Table of Contents
The Itch
Slash commands are explicit invocation. Subagents are delegation. Skills are the third thing: dormant capabilities that wake up when the conversation calls for them. The frontmatter description is a trigger; the rest of the directory is whatever Claude needs to fulfill it.
Drop a skill under ~/.claude/skills/<name> and Claude Code picks it up across every project. Drop it under <project>/.claude/skills/<name> and it's scoped to that one repo. No config file edits, no plugin registry. The directory is the unit.
This post walks two skills I use every day. One turns any content into spoken audio. The other lets me drive coding sessions from my phone over Slack or iMessage when I'm away from the keyboard. Both are open source. Both fit in one directory. Both teach a pattern you can lift.
What a Skill Actually Is
A skill is a directory containing a SKILL.md with YAML frontmatter, plus any scripts or reference docs it needs to execute.
Claude does not read every skill body on every turn. It reads only the frontmatter (name + description) and decides whether the user's request matches. If it does, the body of SKILL.md loads in, along with any partials it points at. The scripts in the directory are now on PATH (so to speak) for the model to invoke via Bash.
The discipline: a skill's description is its API. If it's vague, it never fires. If it's precise, it fires at the right moments.
The Anatomy of SKILL.md
Here's the frontmatter from /tts:
---
name: tts
description: Convert any content (file, URL, text, image, PDF) into a
spoken audio narration. Defaults to local Kokoro (free, no API key,
no watermark); pass `--gemini` to use the Gemini 2.5 Flash TTS API.
Use when the user says "read this to me", "tts", "text to speech",
"explain this out loud", "make an audio version", or wants to listen
to content rather than read it. Accepts file paths, URLs, raw text,
images, or any combination. Flags: `--voices` prints the catalog
and exits; `--gemini` switches backends.
---Three things to notice. First, the description names the trigger phrases verbatim ("read this to me", "tts", "text to speech"). Claude doesn't do fuzzy paraphrase matching well; explicit is better. Second, it lists the inputs it accepts so Claude knows it can pass a URL or a PDF, not just a string. Third, it documents the flags inline so Claude doesn't have to read the body to know --gemini exists.

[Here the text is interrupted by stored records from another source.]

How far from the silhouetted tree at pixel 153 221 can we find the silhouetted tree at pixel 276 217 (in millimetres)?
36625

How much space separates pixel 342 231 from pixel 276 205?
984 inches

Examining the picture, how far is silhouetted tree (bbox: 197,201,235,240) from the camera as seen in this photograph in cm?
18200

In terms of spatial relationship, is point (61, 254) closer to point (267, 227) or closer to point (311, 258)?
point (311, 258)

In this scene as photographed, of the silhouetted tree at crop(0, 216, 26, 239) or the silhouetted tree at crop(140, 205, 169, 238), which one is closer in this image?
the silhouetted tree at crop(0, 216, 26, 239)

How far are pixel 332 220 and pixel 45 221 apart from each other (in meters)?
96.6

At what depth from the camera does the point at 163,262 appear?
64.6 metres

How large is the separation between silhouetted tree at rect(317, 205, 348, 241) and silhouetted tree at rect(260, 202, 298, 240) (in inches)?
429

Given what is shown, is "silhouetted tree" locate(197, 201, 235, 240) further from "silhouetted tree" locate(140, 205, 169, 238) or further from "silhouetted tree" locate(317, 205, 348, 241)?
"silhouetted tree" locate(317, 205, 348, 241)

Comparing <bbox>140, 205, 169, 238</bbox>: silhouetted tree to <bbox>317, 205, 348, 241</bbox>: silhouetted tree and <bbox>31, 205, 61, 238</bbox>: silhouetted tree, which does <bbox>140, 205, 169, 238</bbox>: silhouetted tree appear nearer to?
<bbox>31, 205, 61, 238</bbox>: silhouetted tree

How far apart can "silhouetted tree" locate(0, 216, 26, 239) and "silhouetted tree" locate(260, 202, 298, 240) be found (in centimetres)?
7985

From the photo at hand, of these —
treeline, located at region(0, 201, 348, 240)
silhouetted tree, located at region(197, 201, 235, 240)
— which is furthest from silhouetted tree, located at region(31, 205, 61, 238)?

Treat the description like an interface. Every phrase that should match the user's intent goes in quotes. Every flag goes in backticks. Every input type gets named. If you have to think about whether Claude will pick the skill up, the description is too vague.

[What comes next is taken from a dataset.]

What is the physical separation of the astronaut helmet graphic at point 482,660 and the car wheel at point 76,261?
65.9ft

The body of SKILL.md is whatever instructions Claude needs to actually execute the workflow once the description has fired. For /tts it's a four-phase plan: preflight, extract content, rewrite for spoken delivery, synthesize. The body can include partials via @path/to/file.md so you don't blow the context window on reference material that's only needed in specific paths.
Case Study 1: /tts (Content to Audio)
/tts takes any input and produces spoken narration. The interesting part isn't the audio synthesis (Kokoro and Gemini do that). It's Phase 2, where Claude rewrites the source into something that actually sounds like a person.
The Four Phases
Why split synthesis from rewriting? Because raw markdown is unlistenable. Bullet points become "dot, dot, dot." URLs get read character by character. Code blocks turn into syntactic mush. The Phase 2 rewrite strips all of that and produces prose that flows when spoken: explicit transitions, expanded jargon, summaries instead of exact paths. About 150 words per minute, written for the ear.

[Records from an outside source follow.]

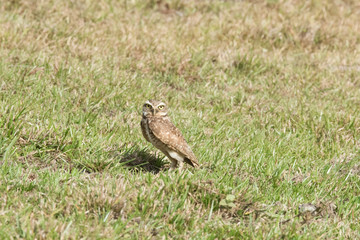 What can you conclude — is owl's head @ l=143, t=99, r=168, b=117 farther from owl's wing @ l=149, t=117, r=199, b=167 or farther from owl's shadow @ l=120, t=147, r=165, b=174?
owl's shadow @ l=120, t=147, r=165, b=174

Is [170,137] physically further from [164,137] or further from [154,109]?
[154,109]

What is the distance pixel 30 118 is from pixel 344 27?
7.72 metres

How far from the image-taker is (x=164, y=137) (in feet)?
16.8

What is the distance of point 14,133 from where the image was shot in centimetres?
505

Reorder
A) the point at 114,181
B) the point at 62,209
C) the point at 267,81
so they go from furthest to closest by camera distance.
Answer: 1. the point at 267,81
2. the point at 114,181
3. the point at 62,209

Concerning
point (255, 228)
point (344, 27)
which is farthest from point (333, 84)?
point (255, 228)

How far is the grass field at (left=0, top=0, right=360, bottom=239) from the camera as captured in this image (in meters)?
4.09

Local First, Cloud as Fallback
Default backend is Kokoro: an 82M-parameter open-weights TTS model that runs locally via uv. First run pulls about 340MB of wheels and weights; every run after that is fully offline. MIT license, no watermark, no audible "I am an AI" disclaimer. Cost: zero.
Pass --gemini and the dispatcher routes through Google's 2.5 Flash TTS instead. Useful when uv isn't installed, when you want a specific Gemini voice, or for very long content where end-to-end synthesis time matters more than privacy.
# Default: local Kokoro
node "$SKILL_DIR/tts.js" /tmp/tts-script.txt /tmp/tts-output.wav --play
# Cloud fallback
GOOGLE_API_KEY="..." node "$SKILL_DIR/tts.js" \
/tmp/tts-script.txt /tmp/tts-output.wav --play --gemini
# Voice catalog
node "$SKILL_DIR/tts.js" --voices # Kokoro
node "$SKILL_DIR/tts.js" --voices --gemini # GeminiStreaming the Audio
With --play the dispatcher streams audio chunk-by-chunk through afplay while later chunks are still synthesizing. First sound usually arrives within five seconds even on the Kokoro path. The combined WAV is also written to disk so you can replay later without re-synthesizing.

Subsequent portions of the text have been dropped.